Big Book story today. The jist of the story was that the protagonist never felt comfortable in his own skin, never having a feeling of belonging until he entered Alcoholics Anonymous. This is something that is very common among alcoholics, that feeling of apartness, of not understanding how anything worked. Everyone I ran into seemed so comfortable in their own skins and I felt like my skeleton was trying to burst violently out of my body and run away.
I process alcohol differently than most people.
God speaks to me through you guys. I have never had God speak to me directly. I don't know what God's voice sounds like. I did, however, hear voices from time to time when I got the right cocktail of drugs and alcohol working real good. And I know what SuperK's voice sounds like. She's sort of a minor god in our household. I don't believe she's the only God but she's godlike.
Malevolence: Having or displaying ill will; wishing harm on others; having an evil or harmful influence.
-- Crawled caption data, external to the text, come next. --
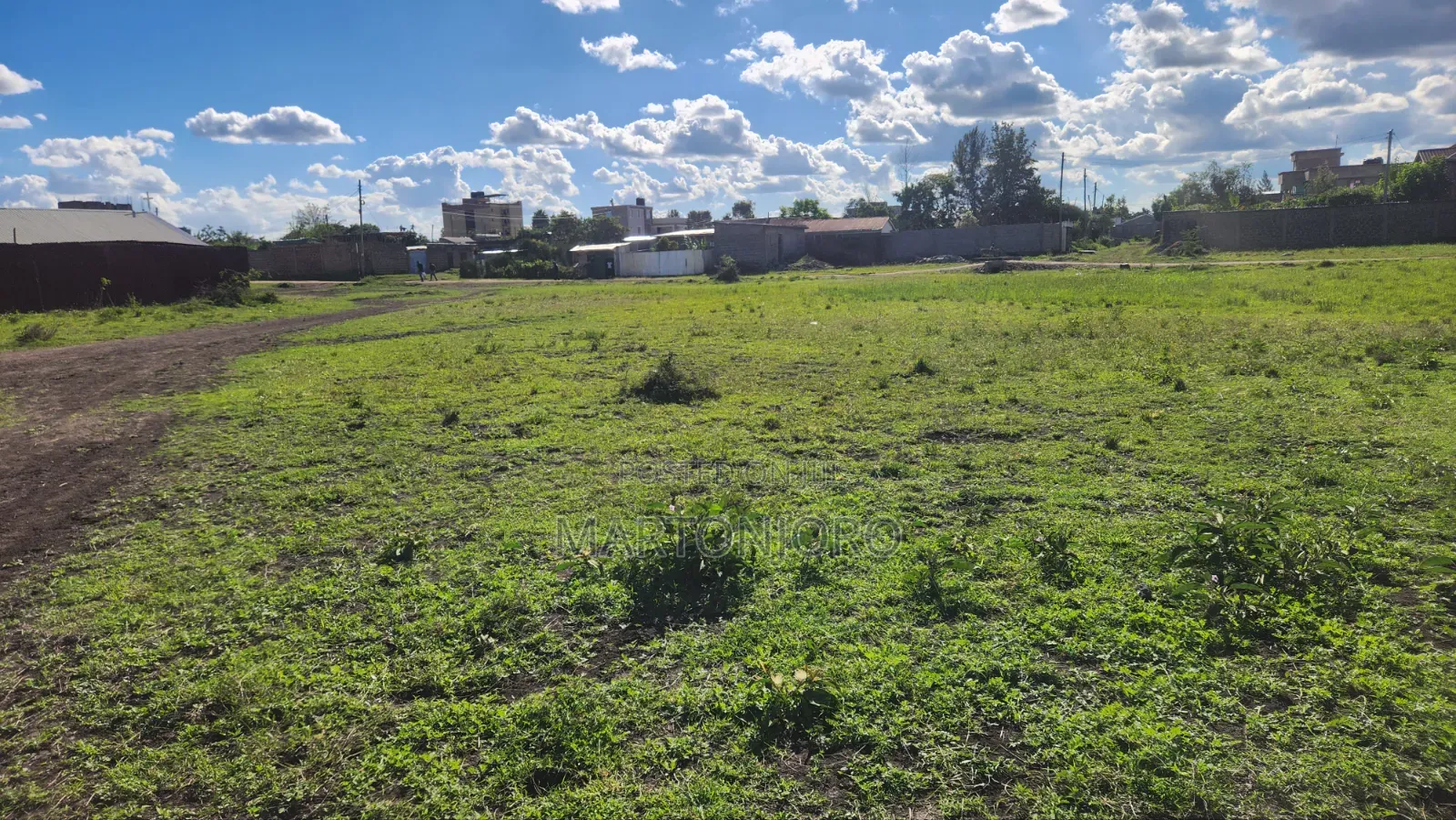 1/2 Mwihoko Nairobi in Githurai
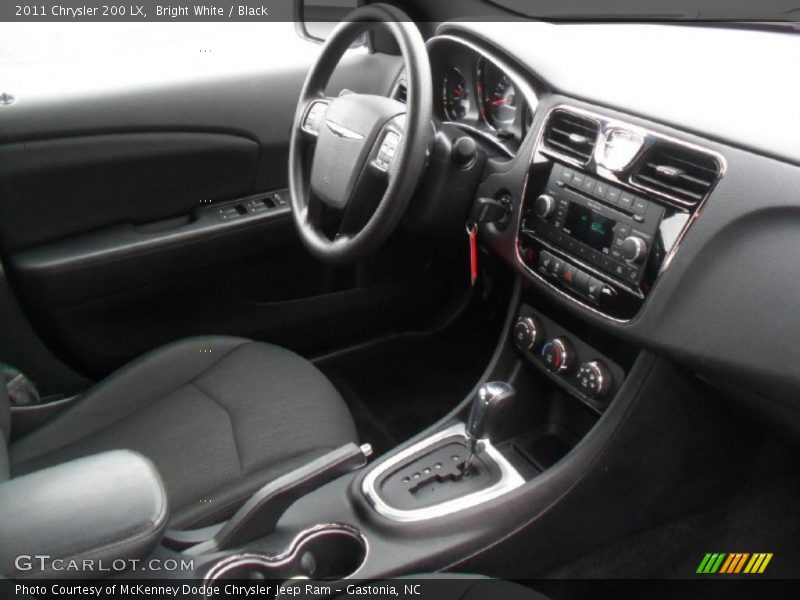 Bright White / Black 2011 Chrysler 200 LX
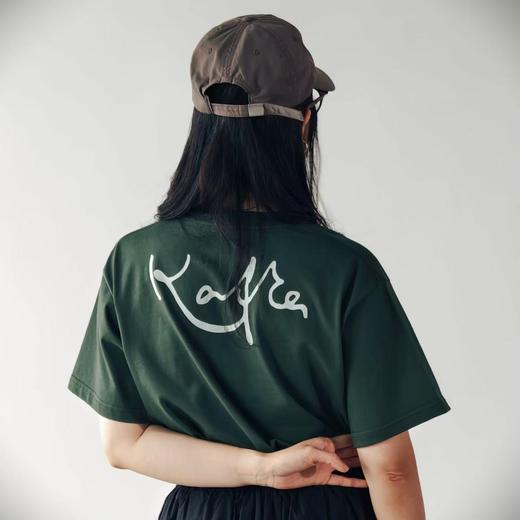 【早鸟价】卡夫卡文学T恤 可选 自由之翼/人海孤岛 落肩宽松款  文创 T恤 短袖  广西师范大学出版社 商品图9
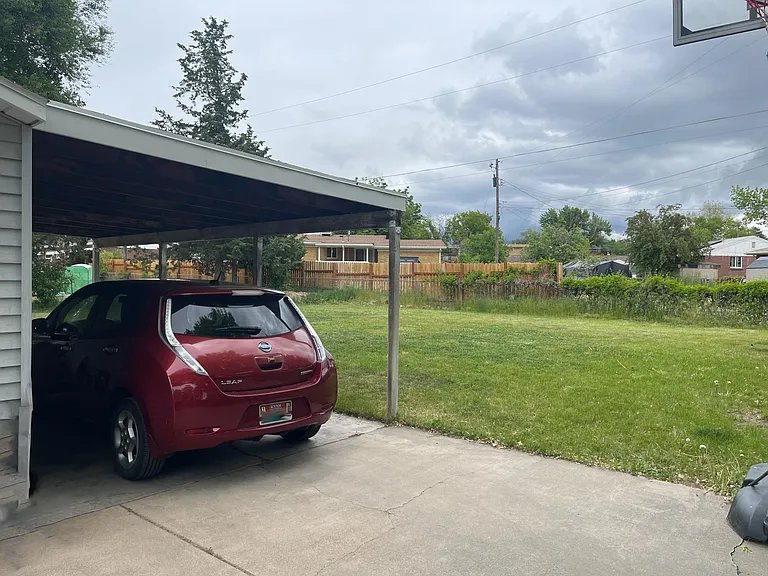 164 N 300 E #B — Photo 12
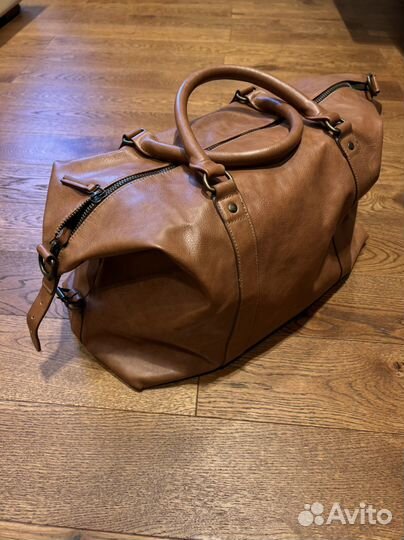 Дорожная или спортивная сумку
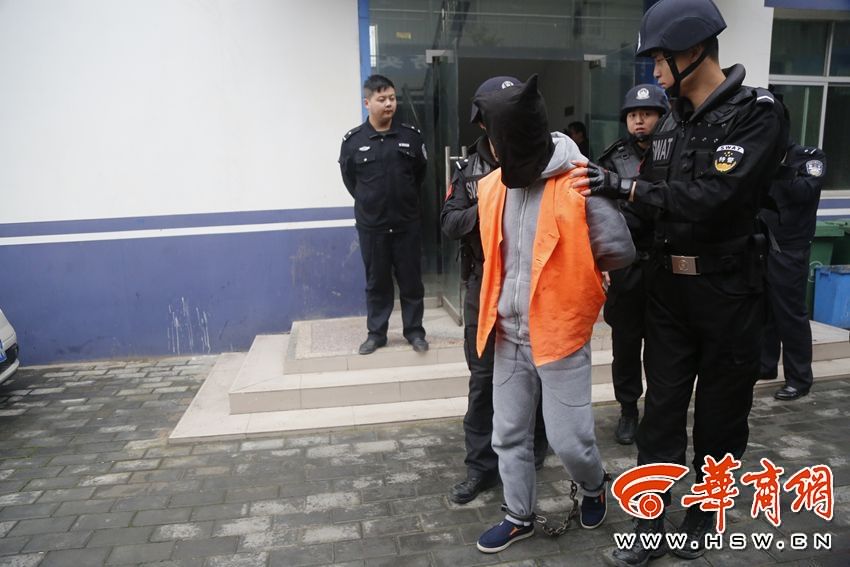 4蟊贼入室盗窃一偷一单元 用一张塑料片3秒开门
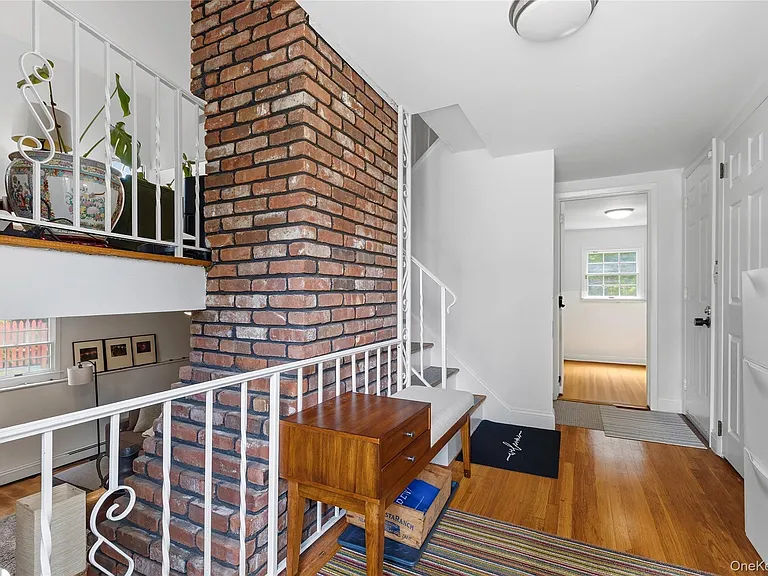 20 Walnut St — Photo 3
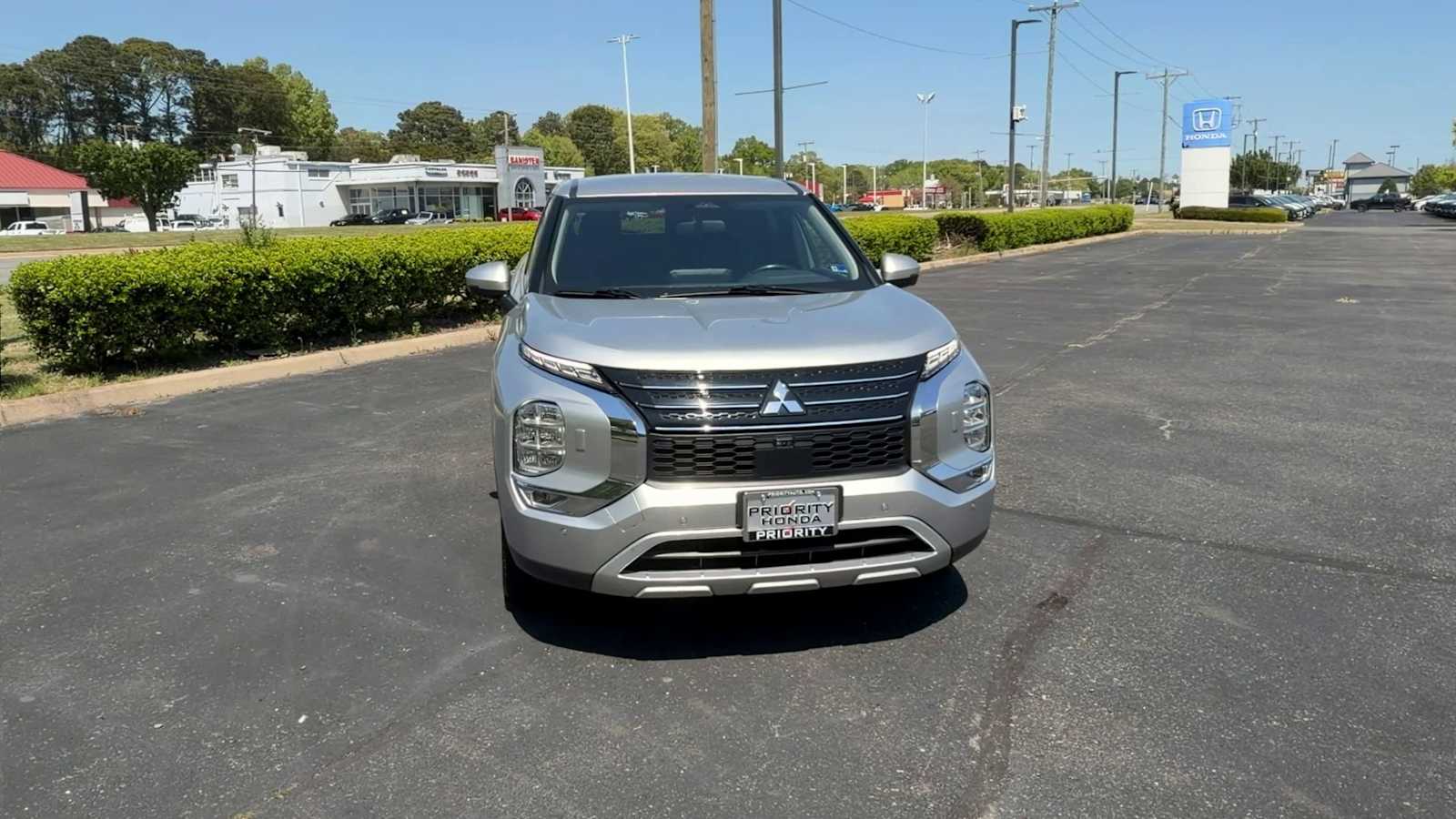 Thumbnail: 2024 Mitsubishi Outlander - 3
A woman shared this morning about joining the Benevolence Committee at her church in an attempt to be of service. I wonder if there's a Malevolence Committee that meets down in the boiler room? Real secretive group. Hard to join. Harder to leave. Everyone's dressed in black and everyone's pissed. I'd be interested in that group.
And Malevolence would be an excellent name for a hard rock band.
The leader shared about being in the throes of a general life funk; one of those times where his serenity is thin and his ire is ascendant. The advice he keeps getting is: Take it easy. We're human. We're not always going to feel great. Deal with it. It'll pass. He's right around five or six years sober and my experience in A.A. is that lots of people get irritable at that point. The easy gains have been made; the heavy god-sense is still being developed; and the day to day recovery work seems repetitive and onerous.